This section details the formal steps of the **K-Means clustering algorithm**, including the mathematical formulation and handling of edge cases.

### Key Bullet Points: Detailed K-Means Algorithm

### 1. Initialization
* **Random Initialization:** The first step is to randomly initialize $K$ cluster centroids, denoted as $\boldsymbol{\mu}_1, \boldsymbol{\mu}_2, \dots, \boldsymbol{\mu}_K$.
* **Dimension:** Each centroid vector $\boldsymbol{\mu}_k$ must have the same dimension (number of features) as the training examples $\mathbf{x}^{(i)}$.

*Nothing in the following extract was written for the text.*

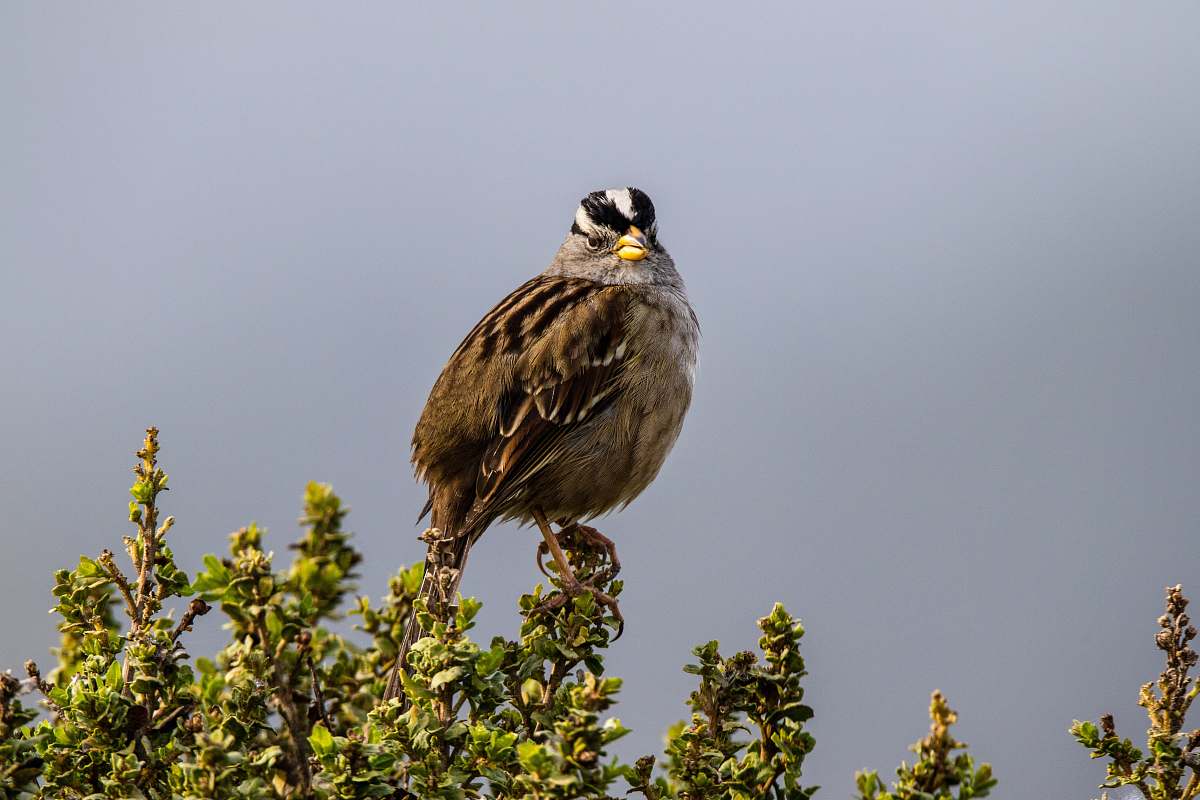 bird brown quail bird anthus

### 2. The Iterative Loop (Repeat until Convergence)
K-Means cycles through two main steps:

#### A. Step 1: Assignment of Points to Centroids
* **Goal:** Assign every training example $\mathbf{x}^{(i)}$ to the cluster centroid it is closest to.
* **Assignment Variable ($c^{(i)}$):** For each example $\mathbf{x}^{(i)}$, set $c^{(i)}$ to the index (from $1$ to $K$) of the nearest cluster centroid $\boldsymbol{\mu}_k$.
* **Mathematical Formula (Minimizing Squared Distance):**
    $$c^{(i)} = \underset{k}{\operatorname{argmin}} \left\| \mathbf{x}^{(i)} - \boldsymbol{\mu}_k \right\|^2$$
    * **Note:** The squared Euclidean distance ($\text{L2 norm}^2$) is minimized for computational convenience, as the cluster with the smallest squared distance is the same as the one with the smallest distance.

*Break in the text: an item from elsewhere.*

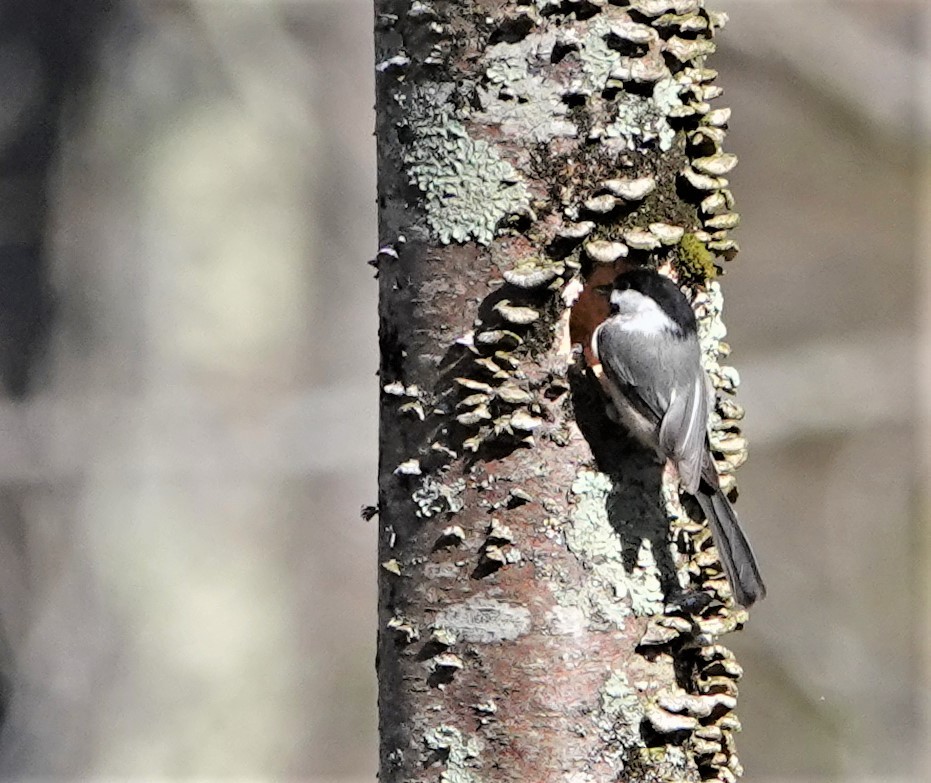 Black-capped Chickadee - ML442245301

#### B. Step 2: Move Cluster Centroids
* **Goal:** Update the location of each cluster centroid based on the points currently assigned to it.
* **Update Logic:** For each cluster $k$ (from 1 to $K$), the new location of the centroid $\boldsymbol{\mu}_k$ is set to the **average (mean)** of all training examples assigned to that cluster.
* **Mathematical Formula:**
    $$\boldsymbol{\mu}_k := \frac{1}{|\text{Cluster}_k|} \sum_{i: c^{(i)}=k} \mathbf{x}^{(i)}$$

### 3. Handling the Corner Case
* **Zero Points:** If a cluster $k$ has **zero training examples** assigned to it (meaning the denominator $|\text{Cluster}_k| = 0$), the mean is undefined.
* **Common Solution:** The most common practice is to **eliminate that cluster**, resulting in $K-1$ clusters. An alternative is to randomly reinitialize the unassigned centroid.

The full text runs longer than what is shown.